Memory safety bugs remain in the top ranks of security vulnerabilities, even after decades of research on their detection and prevention. Various mitigations have been proposed for C/C++, ranging from language dialects to instrumentation.
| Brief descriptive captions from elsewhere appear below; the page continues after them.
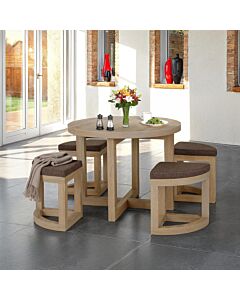 Cambourne Stowaway Dining Set (X4 Chairs) - Light Sonoma Oak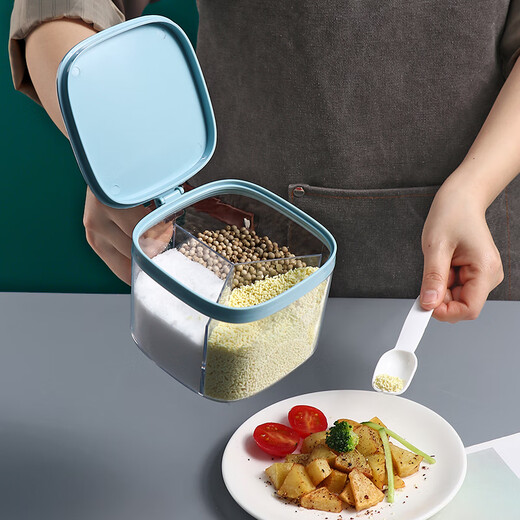 Jingling multi-grid seasoning box salt shaker three-compartment all-in-one set plastic household kitchen seasoning MSG storage box seasoning jar thickened square 3 compartments white main picture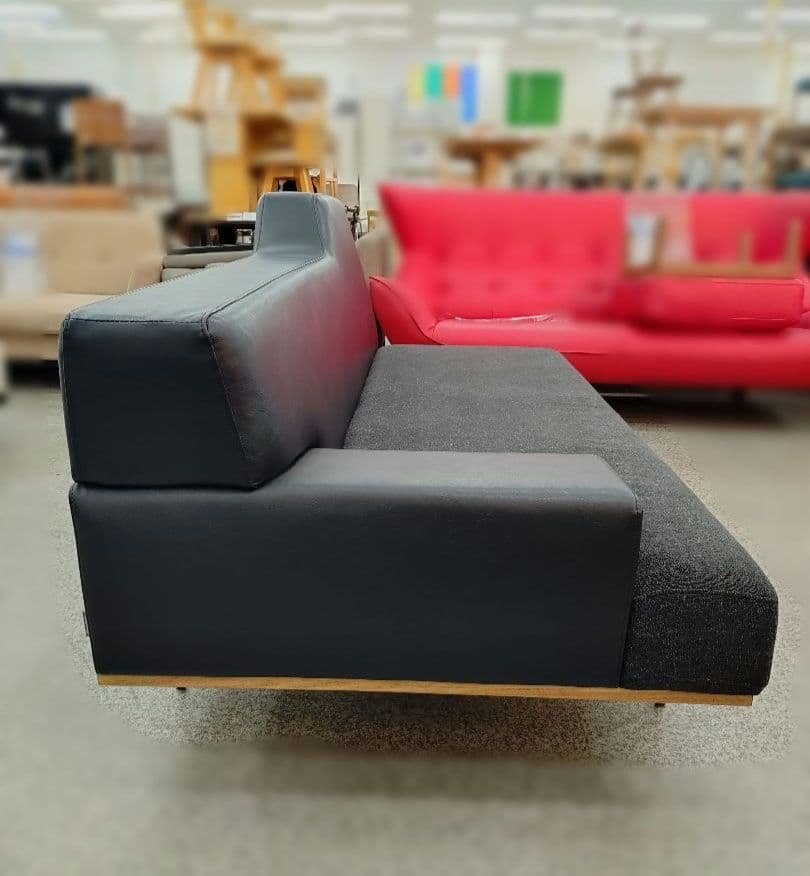 CRASHGATE イットソファ 2.5人掛右肘 ロイヤルブラック×ダークグレー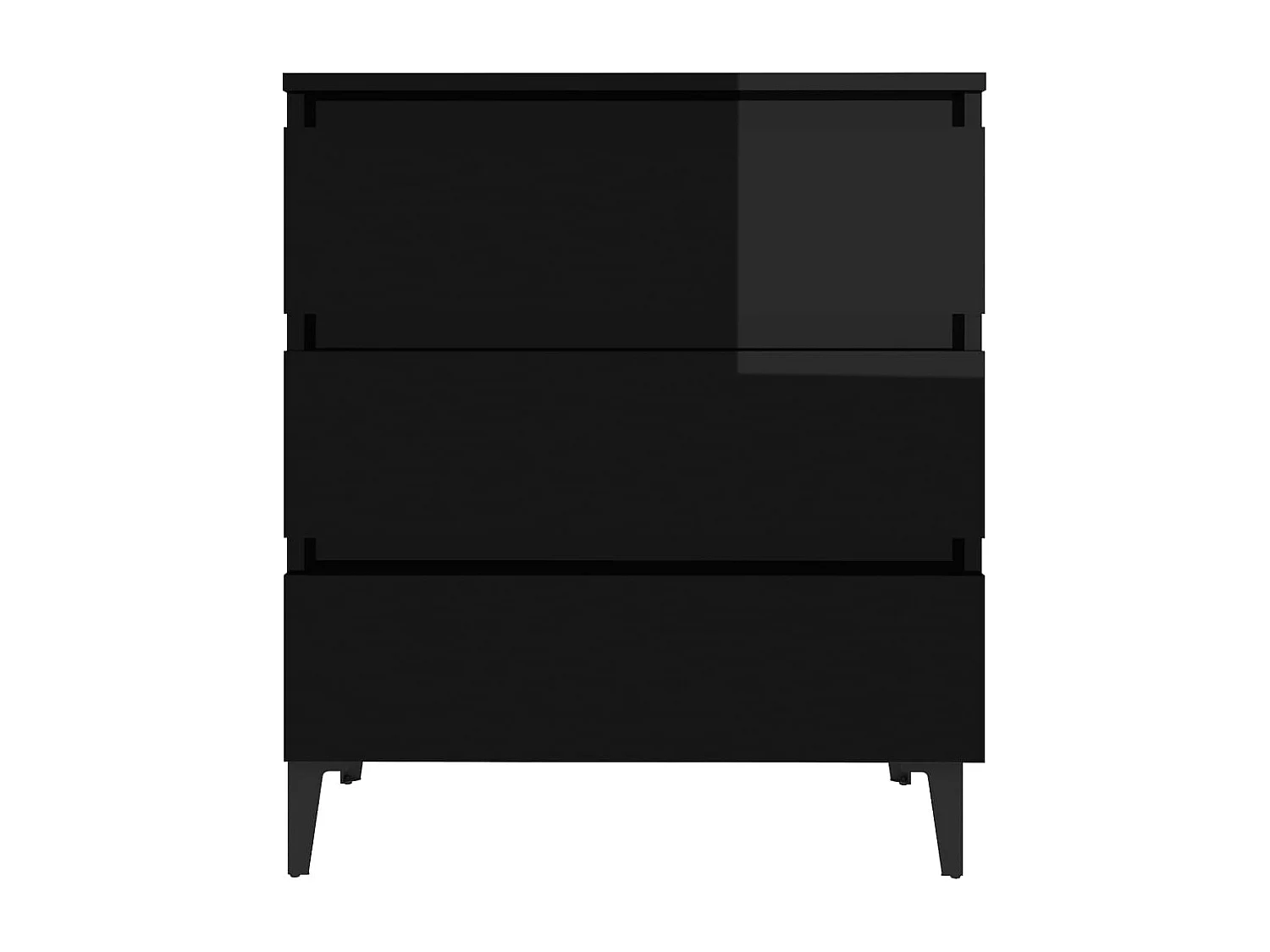 Aparador de madera contrachapada negro brillante 60x35x69 cm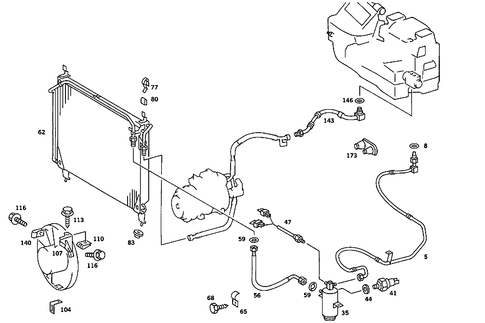 Refrigerant Line Arrangement for 1984 Mercedes-Benz 380SE #1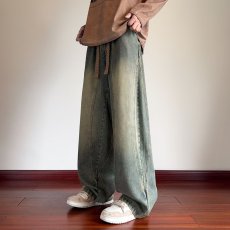 批发复古牛仔长裤子男生青少年春秋季新款阔腿直筒休闲高中宽松学生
Among these, compiler-based instrumentation is particularly promising, not requiring manual code modifications and being able to achieve precise memory safety. Unfortunately, existing compiler-based solutions compromise in many areas, including performance but also usability and memory safety guarantees. New developments in hardware can help improve performance and security of compiler-based memory safety. ARM Pointer Authentication, added in the ARMv8.3 architecture, is intended to enable hardware-assisted Control Flow Integrity (CFI). But since its operations are generic, it also enables other, more comprehensive hardware-supported runtime integrity approaches. As such, we propose CryptSan, a memory safety approach based on ARM Pointer Authentication. CryptSan uses pointer signatures to retrofit memory safety to C/C++ programs, protecting heap, stack, and globals against temporal and spatial vulnerabilities. We present a full LLVM-based prototype implementation, running on an M1 MacBook Pro, i.e., on actual ARMv8.3 hardware. Our prototype evaluation shows that the system outperforms similar approaches under real-world conditions. This, together with its interoperability with uninstrumented libraries and cryptographic protection against attacks on metadata, makes CryptSan a viable solution for retrofitting memory safety to C/C++ programs.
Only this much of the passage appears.